Why it matters: NBCU, like other legacy TV networks, is trying to push away from the old advertising model that networks relied on for decades. Today's consumers hate ads, and new advertisers want more digital solutions.
What's new: NBCUniversal will reduce the number of commercial breaks in prime-time TV shows by more than 20% across all of its networks by 2020. Last year it committed to a 10% reduction in ad breaks.
- The company also says it's looking to decrease ad breaks during additional shows outside of the lucrative prime-time slot, like "The Today Show" or "Ellen’s Game of Games," although it hasn't committed to a percentage reduction yet.

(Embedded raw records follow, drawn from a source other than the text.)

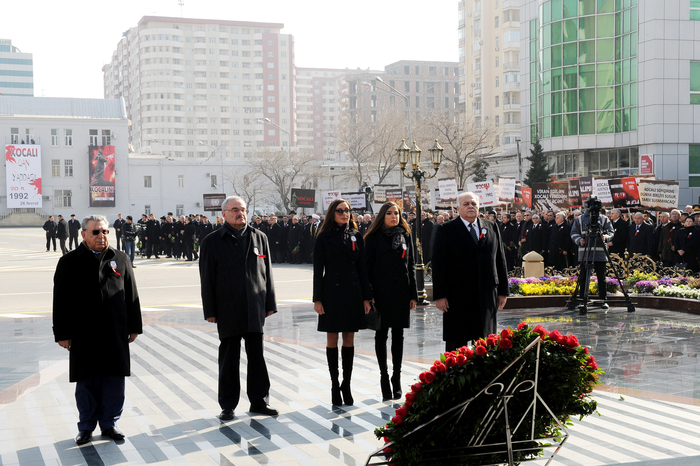 Azərbaycan Prezidenti və xanımı Xocalı faciəsi qurbanlarının abidəsini ziyarət edib (ƏLAVƏ OLUNUB) (FOTO)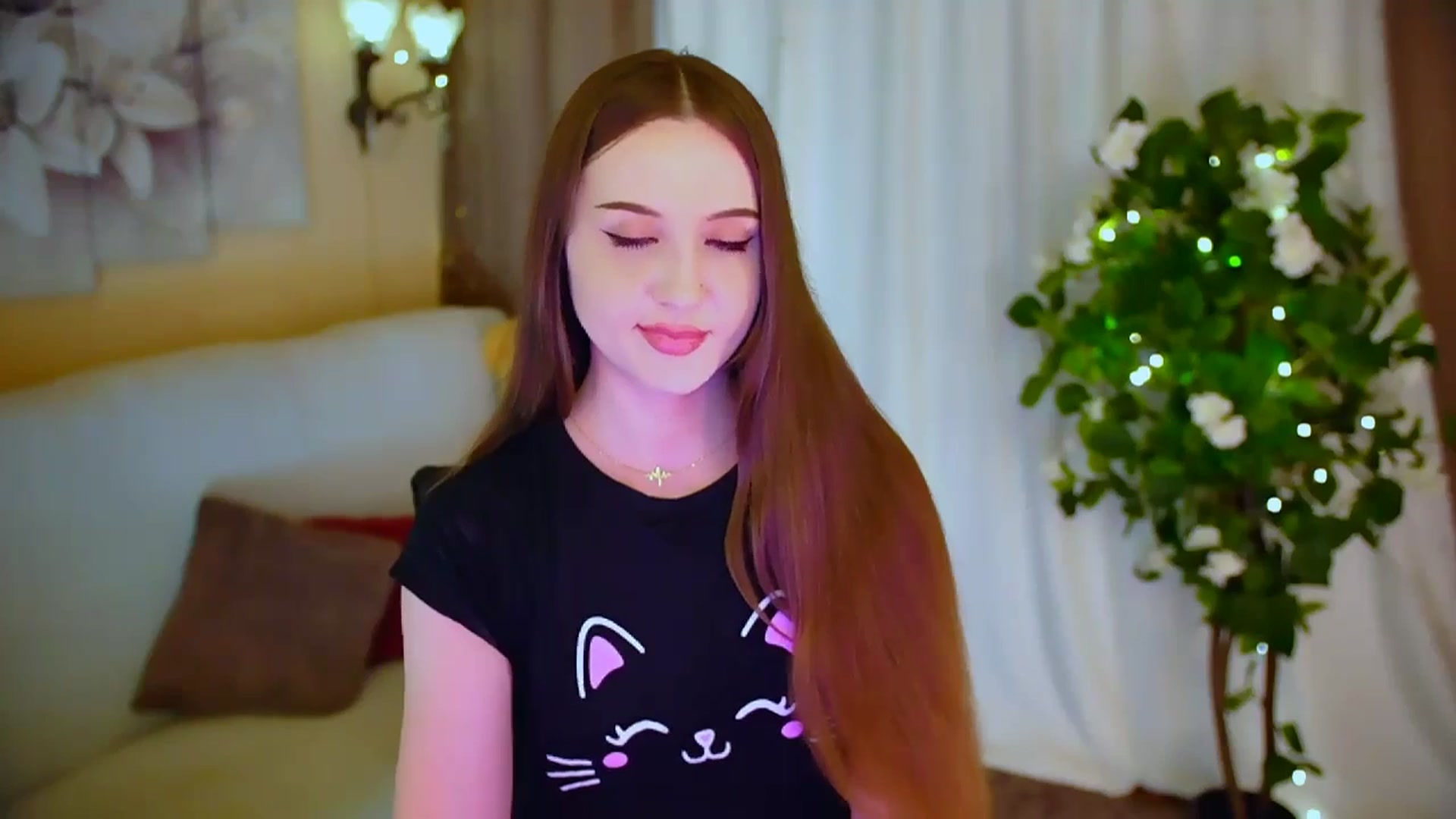 Gallery image thumbnail from Innocent_Soul's myfreecams stream on, 05/26/2024, 21:04 image 17 of 20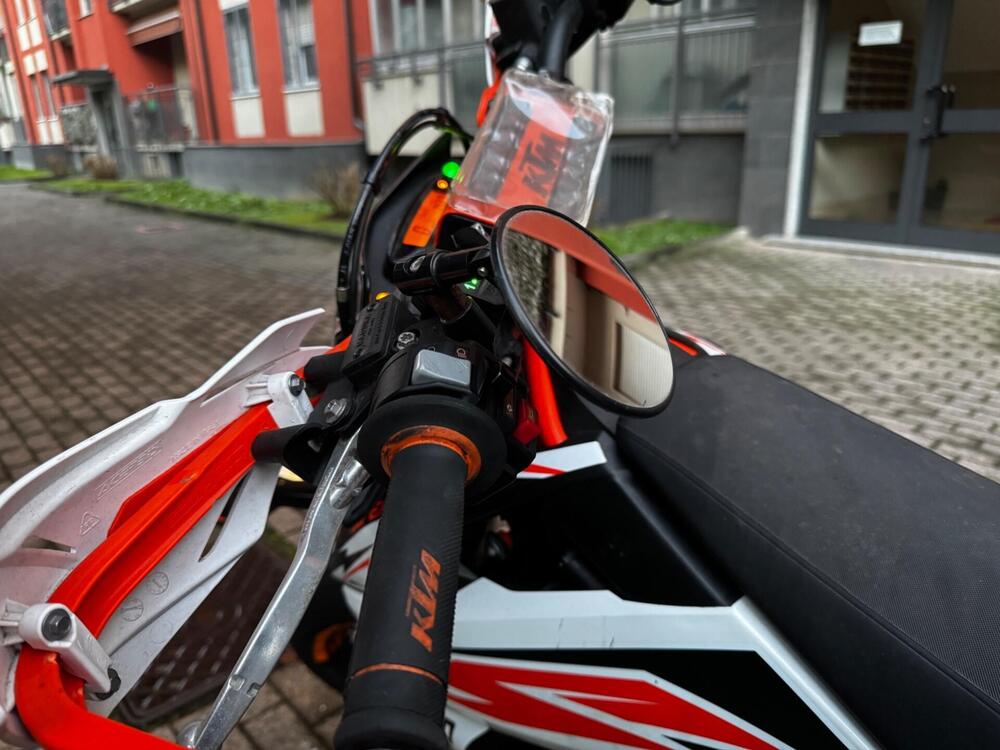 KTM 690 SMC R (2019 - 20) (6)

- It also is looking to decrease ad loads, or ratio of ads to other content, across its networks and time slots. It previously committed to a 20% reduction in ad load across original broadcasts of several dozen series across six of its networks. It now says it will extend that reduction by 2020.
Yes, but: Just because a network commits to reducing ads doesn't mean it always follows through.
- A Pivotal Research analysis of Nielsen data last year found that TV networks generally that are trying to cut back on ads are having trouble shedding that ad load.
- Overall, total U.S. ad load rose from 2017 to 2018, despite increased calls from ad network bosses to reduce ad load.
- Per that report, NBC’s ad load was significantly smaller than some of its peers, but it still increased by less than 1%.
Between the lines: Cutting down on TV ads is only half of the strategy. NBCU is also pushing to simultaneously provide better targeting options and also sell more digital ads.
- A spokesperson for NBCU says the company will expand its new lucrative ad format, Prime Pods, from prime time to more shows and time slots.
- Prime Pods help NBC reduce overall commercial time by letting advertisers reserve ad space for a higher cost during the very beginning or the very end of a show where a viewer is more likely to be hooked.
- When it comes to better targeting, NBCU will scale its new proprietary, AI-powered ad-targeting solution that reads scripts and closed captioning, helping advertisers connect its content at the scene level.
- In total, NBCU says that digital (mobile, desktop, tablet) and advanced (digital TV) advertising now accounts for more than $1 billion annually in advertiser spend.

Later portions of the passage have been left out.